As for the rotational change observed for knees with type 1 hinge fracture, it has been reported that osteosynthesis of distal femoral fractures using the MIPO technique is linked to rotational malalignment at a substantially high rate [6, 19]. When occurrence of the hinge fracture is noted during surgery, surgeons should cope with the risk for impaired stability (Fig. 4). Supplemental plate fixation on the medial side as well as close inspection of the fitting between the osteotomy surfaces through wider exposure can be countermeasures to cope with those potential problems. When the hinge fracture was recognised postoperatively, timing of weight-bearing should be delayed to avoid subsequent complications such as delayed bony healing.

Fig. 4
figure 4

Postoperative image findings of the knee with type 1 fracture exhibiting increased femoral torsion. a Anteroposterior radiograph (arrow). b Coronal CT image (arrow). c The distal femur is displaced due to the increased internal torsion (arrow)

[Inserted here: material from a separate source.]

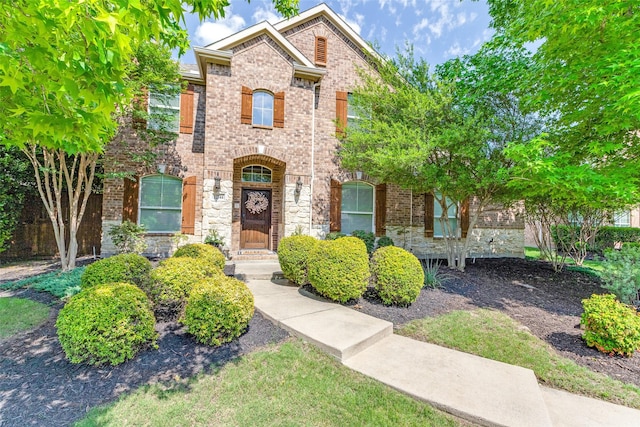 12744 Concho Dr, Frisco, TX 75033 - view of front of home with stone siding and brick siding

There were several limitations included in this study. First, the study population was small, and thus, the study was underpowered. Therefore, type II error in the statistical analysis was likely to occur. Second, there are potential sources of errors included in the comparative CT image analysis for femoral torsion assessment. Although attempts were made to select the pre- and postoperative axial CT images with the same orientation and level, perfect image matching is theoretically not feasible leading to an assessment error. Moreover, the images analysis was conducted by a single observer, though a high ICC value (> 0.9) was confirmed. Third, complete osteotomy cut during surgery may not have been differentiated from type 1 hinge fracture in this series. Fourth, the differences in postoperative rotational change between the groups with and without a hinge fracture was small; thus, its clinical significance is unclear. Further follow-up study for a longer period is warranted. Fifth, we evaluated the hinge fracture by CT and radiograph taken at 1 week after surgery. Therefore, hinge fractures occurring after this time period could not be detected. Finally, there are still some potential factors related to the occurrence of hinge fractures such as bone quality (density) and osteotomy length/inclination that are not analysed in this study. Identification of the risk factors in multiple aspects would help to prevent this complication.

Conclusion

In LCW-DFO, medial femoral hinge fractures occurred in 30.6% of the cases. Knees with type 1 hinge fracture exhibited significantly greater increase in femoral antetorsion as compared to those without hinge fracture. In this case series, postoperative weight-bearing protocol was delayed for knees with hinge fracture. Consequently, surgical results were not affected by the occurrence of hinge fracture for up to 2 years.